→ Data:
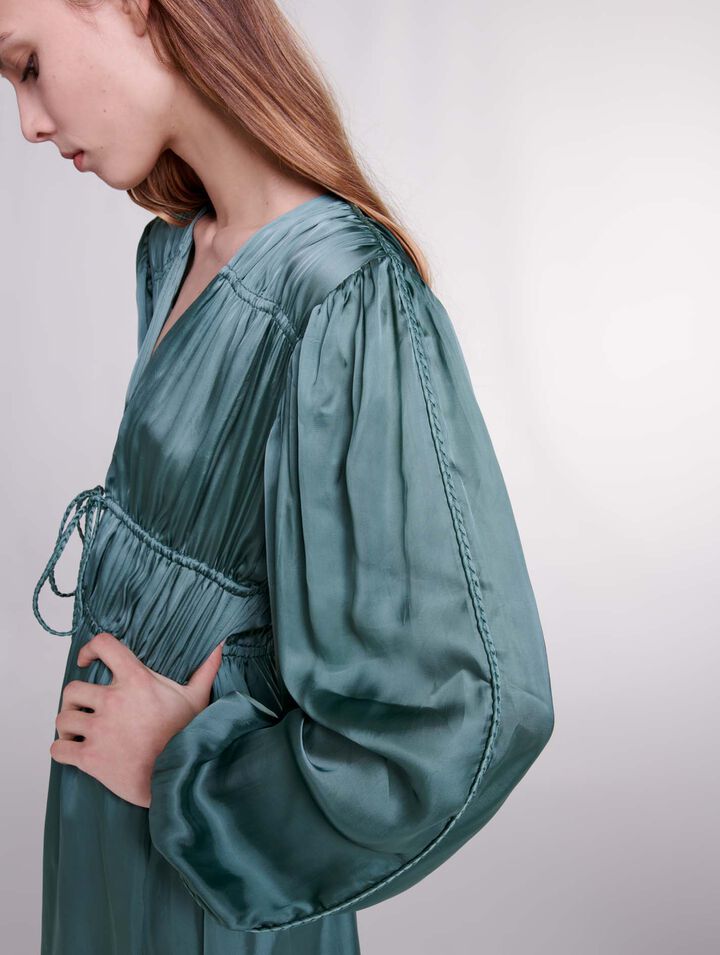 Robe longue satinée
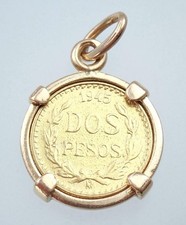Fine Vintage Mexican Solid 21K 18K Gold Dos Pesos Coin Pendant Necklace 1945 picture
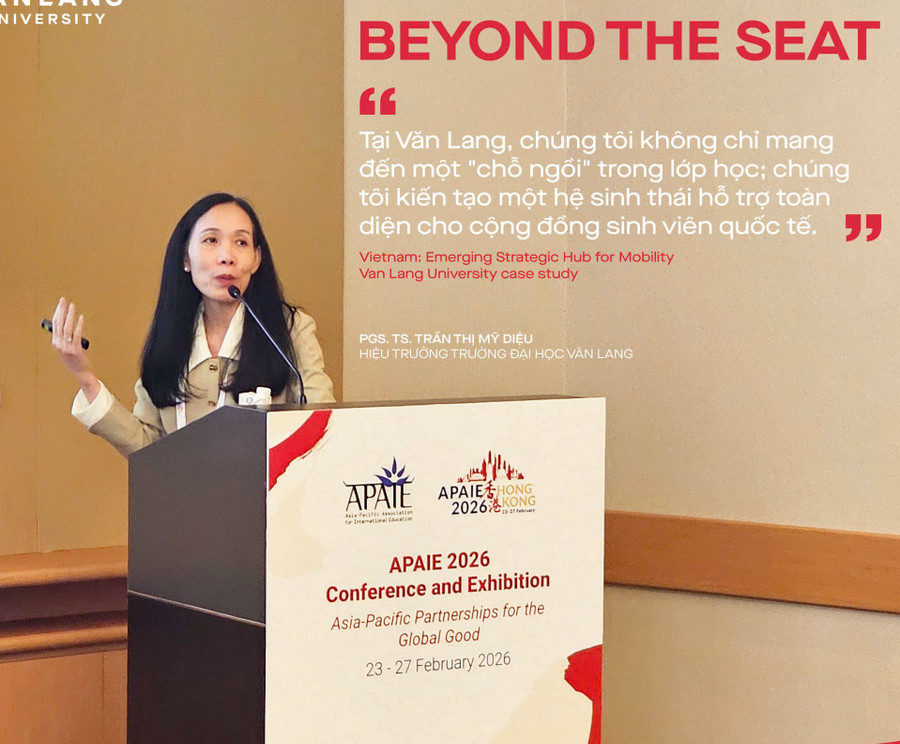 PGS.TS Trần Thị Mỹ Diệu – Hiệu trưởng Trường ĐH Văn Lang trình bày tham luận tại APAIE 2026. hoptacquoctejpg1.jpg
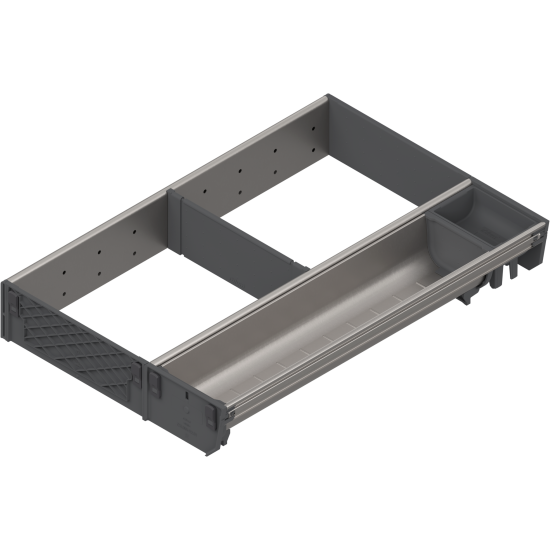 ORGA-LINE Set combinat (cu ocupare parţială), pentru TANDEMBOX Sertar, NL=450 mm, KB=600 mm, Lăţime=289 mm, inox-periat/gri închis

→ Problem: The line containing "PGS.TS Trần Thị" and every line after it, through the end of the material above, are to be printed exactly; no pictures belong in the output.

→ Answer to this problem:
 PGS.TS Trần Thị Mỹ Diệu – Hiệu trưởng Trường ĐH Văn Lang trình bày tham luận tại APAIE 2026. hoptacquoctejpg1.jpg
 ORGA-LINE Set combinat (cu ocupare parţială), pentru TANDEMBOX Sertar, NL=450 mm, KB=600 mm, Lăţime=289 mm, inox-periat/gri închis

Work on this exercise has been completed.